WHAT TO PRODUCE:
Omitting all pictures, copy word for word the lines from the line containing "Кроссовки Nike Ava Rover EU 44.5 1" through the final line of the entries.

DATA PROVIDED:
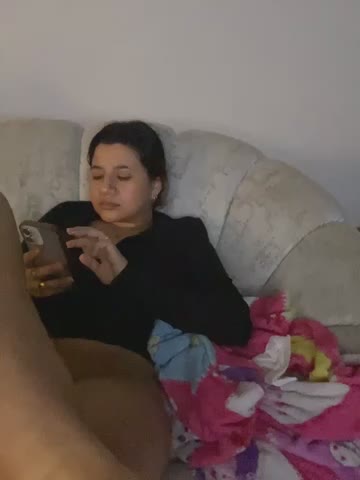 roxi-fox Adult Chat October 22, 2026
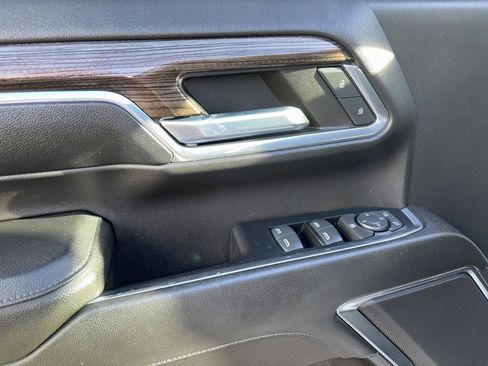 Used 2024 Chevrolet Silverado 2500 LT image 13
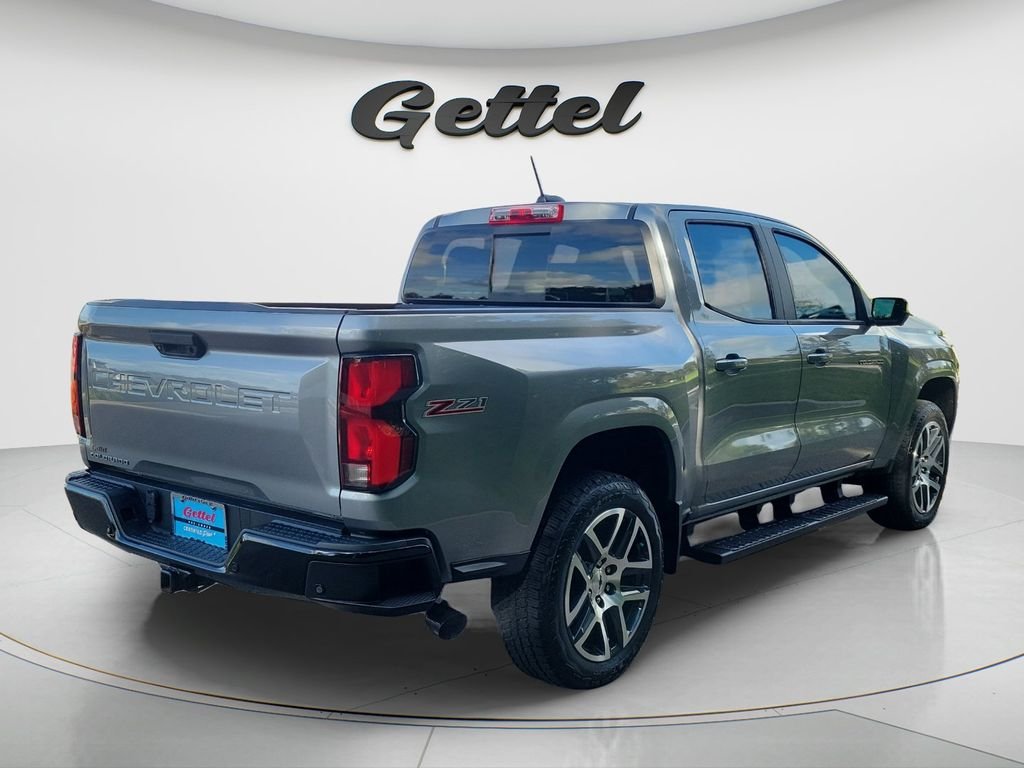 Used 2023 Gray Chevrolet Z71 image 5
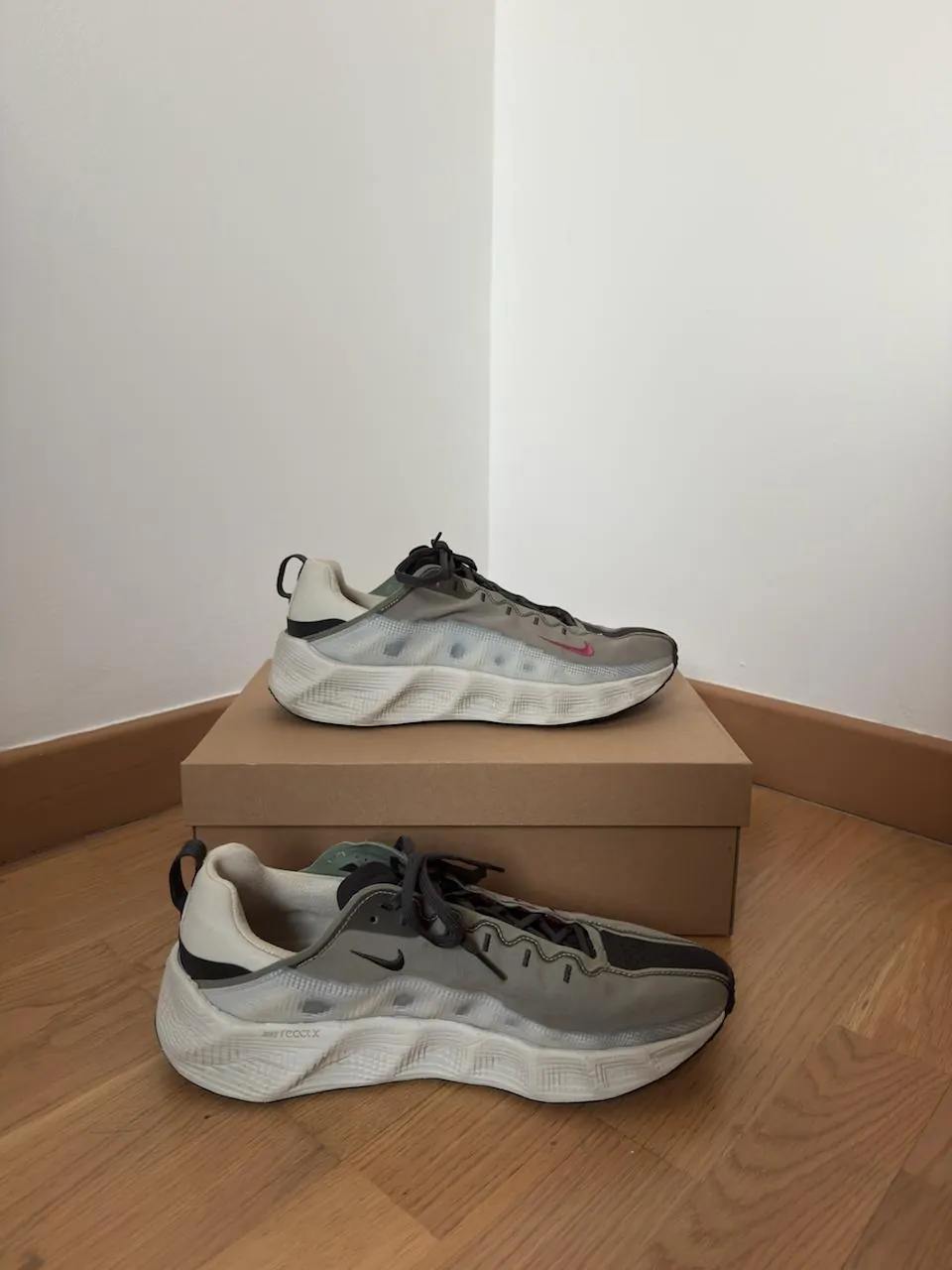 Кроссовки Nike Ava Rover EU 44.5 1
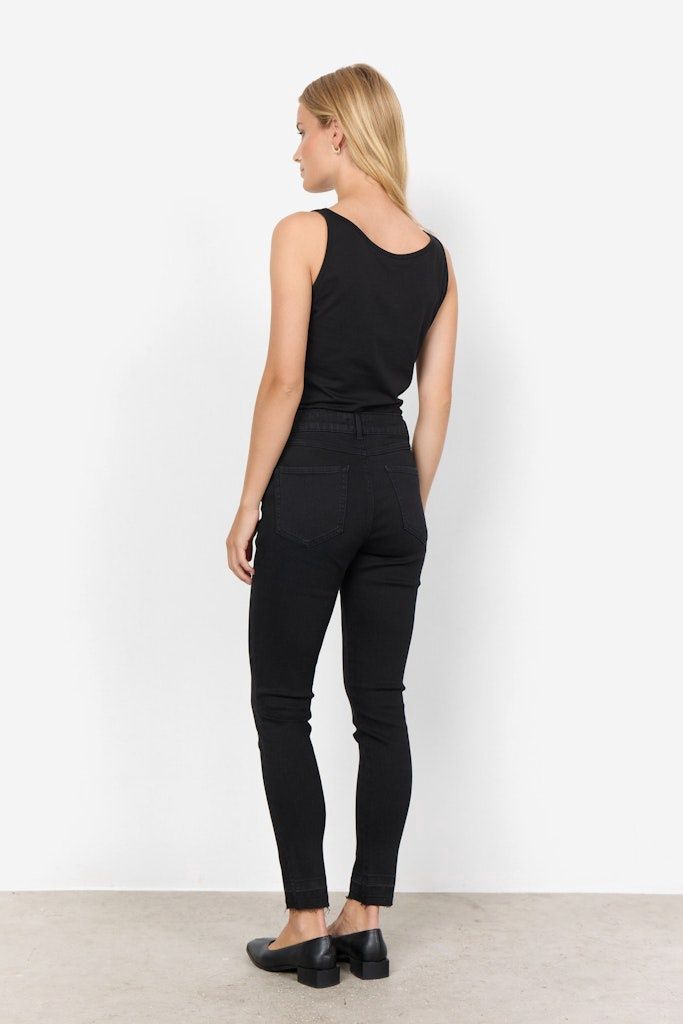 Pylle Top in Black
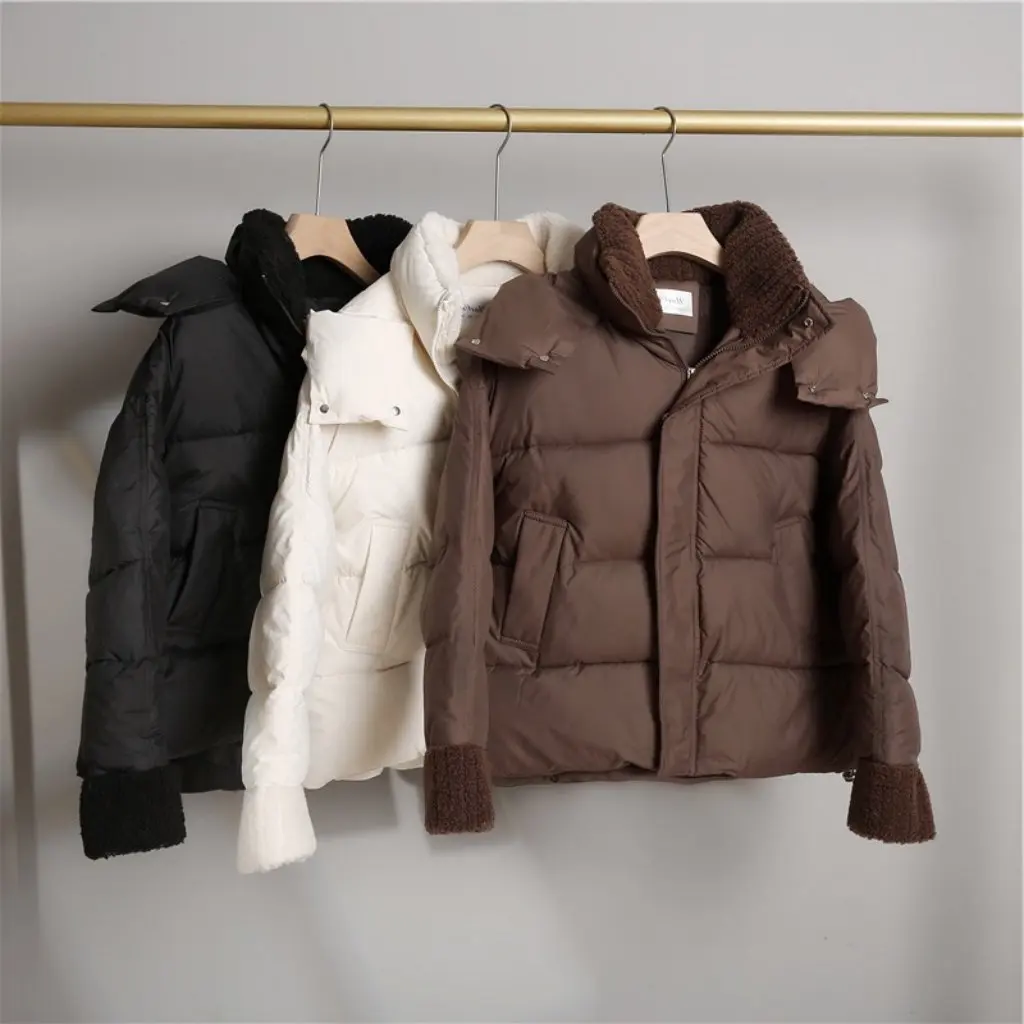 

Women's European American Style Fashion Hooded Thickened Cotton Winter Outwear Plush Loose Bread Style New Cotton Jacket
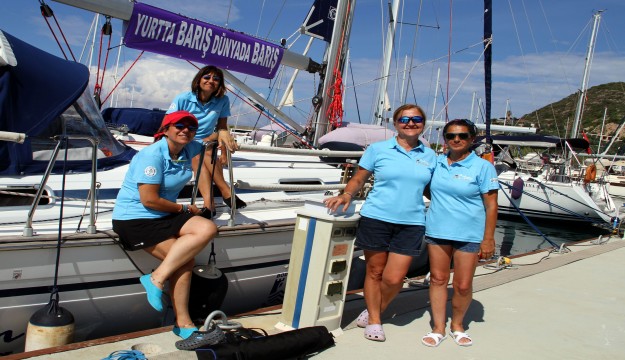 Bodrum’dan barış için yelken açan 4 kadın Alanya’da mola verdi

EXERCISE RESPONSE:
 Кроссовки Nike Ava Rover EU 44.5 1
 Pylle Top in Black

Women's European American Style Fashion Hooded Thickened Cotton Winter Outwear Plush Loose Bread Style New Cotton Jacket
 Bodrum’dan barış için yelken açan 4 kadın Alanya’da mola verdi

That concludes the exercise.